My goal is to exercise hard enough and long enough to get faster, stronger, leaner, to preserve; not so hard that I cause injury, fatigue or illness. To accomplish this end I approximated the recommendations in John Parker’s book Heart Monitor Training for the Complete Idiot. I use a Polar A5 heart rate monitor (but don’t really believe the model matters) and have determined my maximum heart rate (MHR) to be 182. I made this determination over a number of days by thoroughly warming up and then thrashing up a series of moderate hills until it seemed to me that I couldn’t reasonably squeeze out another beat per minute (perhaps if I had had a gun to my head). For me to establish my MHR in this manner was important because the common formula 220 – My Age returned a value of 158, a significant discrepancy.
Then, using Parker’s protocol again, I determined my resting rate to be 49.
With this data at hand I am able to quantify my running:
- Fitness training (slow / easy) = 60 to 70% MHR (my Maximum Heart Rate 182) = 109 – 127 beats per minute (bpm).

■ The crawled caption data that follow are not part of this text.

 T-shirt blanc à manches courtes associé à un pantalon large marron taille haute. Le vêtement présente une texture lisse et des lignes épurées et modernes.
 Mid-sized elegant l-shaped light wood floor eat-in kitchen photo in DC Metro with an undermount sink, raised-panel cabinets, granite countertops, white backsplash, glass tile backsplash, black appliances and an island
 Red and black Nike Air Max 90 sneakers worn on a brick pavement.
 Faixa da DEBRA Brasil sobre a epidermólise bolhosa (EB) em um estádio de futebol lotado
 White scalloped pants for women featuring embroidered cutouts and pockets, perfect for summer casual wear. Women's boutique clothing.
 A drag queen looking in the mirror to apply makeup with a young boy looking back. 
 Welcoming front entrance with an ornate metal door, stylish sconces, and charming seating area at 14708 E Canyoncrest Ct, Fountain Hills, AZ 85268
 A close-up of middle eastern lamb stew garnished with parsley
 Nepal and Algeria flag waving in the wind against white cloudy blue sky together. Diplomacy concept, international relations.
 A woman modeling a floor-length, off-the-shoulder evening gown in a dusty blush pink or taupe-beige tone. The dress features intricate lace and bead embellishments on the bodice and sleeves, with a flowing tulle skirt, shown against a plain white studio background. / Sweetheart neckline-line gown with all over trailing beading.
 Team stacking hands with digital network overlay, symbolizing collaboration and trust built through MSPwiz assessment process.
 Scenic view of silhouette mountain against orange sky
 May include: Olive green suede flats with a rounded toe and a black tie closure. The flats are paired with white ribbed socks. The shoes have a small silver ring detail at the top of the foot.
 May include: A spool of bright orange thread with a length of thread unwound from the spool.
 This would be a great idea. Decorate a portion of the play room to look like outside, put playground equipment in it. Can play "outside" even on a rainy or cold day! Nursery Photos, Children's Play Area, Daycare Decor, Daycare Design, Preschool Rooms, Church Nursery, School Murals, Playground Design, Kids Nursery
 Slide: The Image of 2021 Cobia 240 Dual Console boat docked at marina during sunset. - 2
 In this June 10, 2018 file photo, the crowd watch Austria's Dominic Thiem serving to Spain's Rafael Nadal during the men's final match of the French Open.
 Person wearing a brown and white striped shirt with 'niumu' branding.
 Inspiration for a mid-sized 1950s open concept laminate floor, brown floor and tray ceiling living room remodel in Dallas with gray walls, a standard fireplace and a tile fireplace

- Endurance training (moderate / long) = 70 to 85% MHR = 127 – 155 (bpm).
- Speed training (hard) = 155 – 90% MHR = 159 – 164 (bpm).
- Sprint training (maximal) = 90% (plus) MHR = 164 (plus). Interestingly, I found that various activities deliver various maximum heart rates. For instance, while cycling my MHR is about 164; swimming about 171 (bpm). I guess that this variance is because swimming and cycling aren't weight-bearing.
SUMMARY: Armed with data I can quantify my efforts, insuring I am training hard on some days, recovering well on others, optimizing the time I am investing.